• EXERCISE AIM
Transcribe only the part of the material below that begins at the line containing "Hook - #1026280" and ends at the line containing "UNDER ARMOUR - Pantalón", with both kept and images left out.

• DATA SHOWN
▼
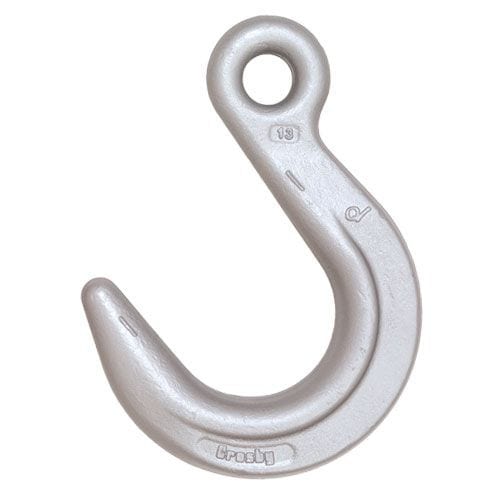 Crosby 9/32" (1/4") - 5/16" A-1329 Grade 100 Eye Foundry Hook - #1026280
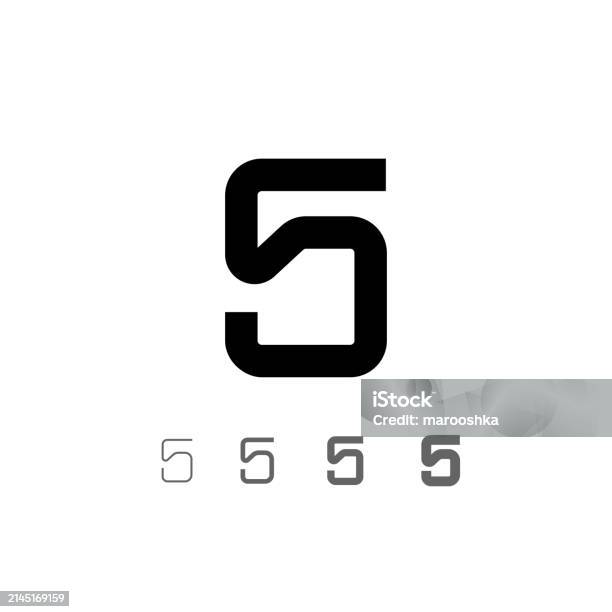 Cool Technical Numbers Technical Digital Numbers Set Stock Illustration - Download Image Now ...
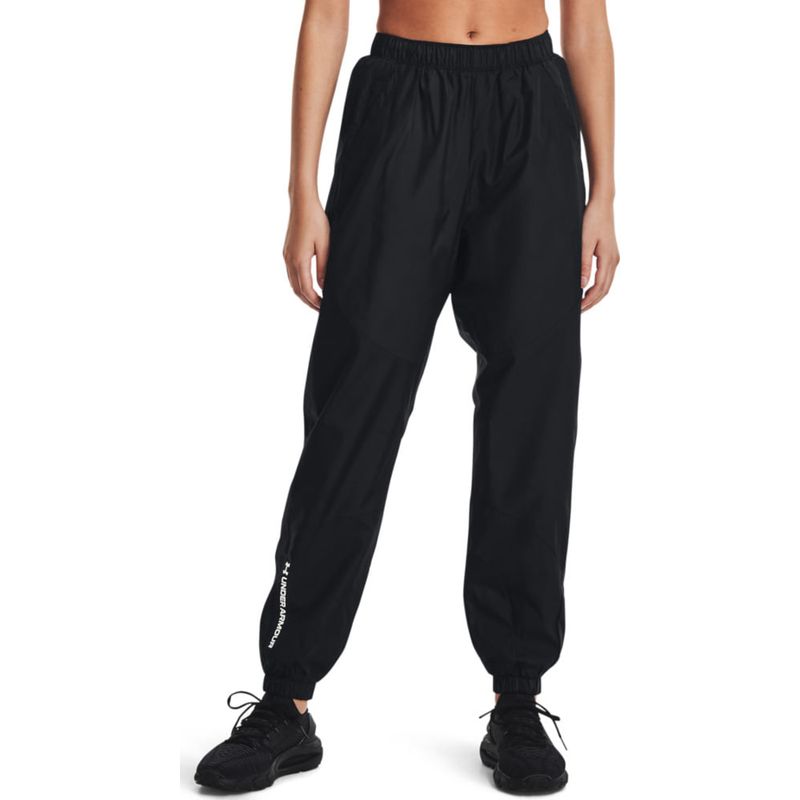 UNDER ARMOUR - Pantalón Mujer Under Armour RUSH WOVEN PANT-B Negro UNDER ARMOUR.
▲
▼
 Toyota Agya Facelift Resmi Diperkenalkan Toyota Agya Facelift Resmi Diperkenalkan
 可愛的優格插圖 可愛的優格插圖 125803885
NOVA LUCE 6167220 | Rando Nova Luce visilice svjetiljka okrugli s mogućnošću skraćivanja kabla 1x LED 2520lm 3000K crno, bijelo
▲
▼
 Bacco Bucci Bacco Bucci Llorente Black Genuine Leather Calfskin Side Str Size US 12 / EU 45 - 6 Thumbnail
▲
• RESPONSE AREA
 Crosby 9/32" (1/4") - 5/16" A-1329 Grade 100 Eye Foundry Hook - #1026280
 Cool Technical Numbers Technical Digital Numbers Set Stock Illustration - Download Image Now ...
 UNDER ARMOUR - Pantalón Mujer Under Armour RUSH WOVEN PANT-B Negro UNDER ARMOUR.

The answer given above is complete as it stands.